Fusarium pseudograminearum is the main pathogen that causes wheat crown rot (WCR), causing serious harm to wheat production. Wheat secretes Benzoxazolinones (Bxs) as fungicidins to prevent F. pseudograminearum infection. Fusarium Detoxification of Bx 2 (FDB2) can degrade Bx to non-fungitoxic N-(2-hydroxyphenyl) malonamic acid. Therefore, FDB2 may be a potential drug target for WCR.

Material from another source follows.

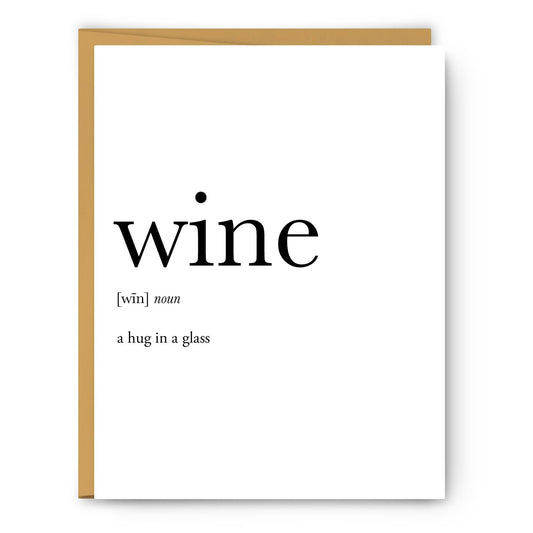 Wine Definition - Everyday Card - PaperGeenius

In the present study, the structure of FDB2 was determined using the molecular replacement method. The overall FDB2 structure displayed a typical N-acetyltransferase (NAT1) conformation. Unlike other NAT1s, the active site cleft is divided into two parts by a long loop (A¹³⁵MSPYPDVRKNQA¹⁴⁷). Hydralazine, Isoniazid, and 2,4′-dibromoacetanilide were screened out as potential inhibitors of FDB2 by structure alignment. Affinity measurements by MST showed that FDB2 prefers to combine Isoniazid and Hydralazine rather than its natural substrate, 2-aminophenol. Wheat seedling infection assays showed that Isoniazid and Hydralazine suppress F. pseudograminearum invasion in wheat. Our study found that Hydralazine and Isoniazid have the potential to control WCR. This article provides a new idea for the application of medicine, which has serious adverse effects, on plant disease control to reduce research costs and make obsolete drugs shine with vitality.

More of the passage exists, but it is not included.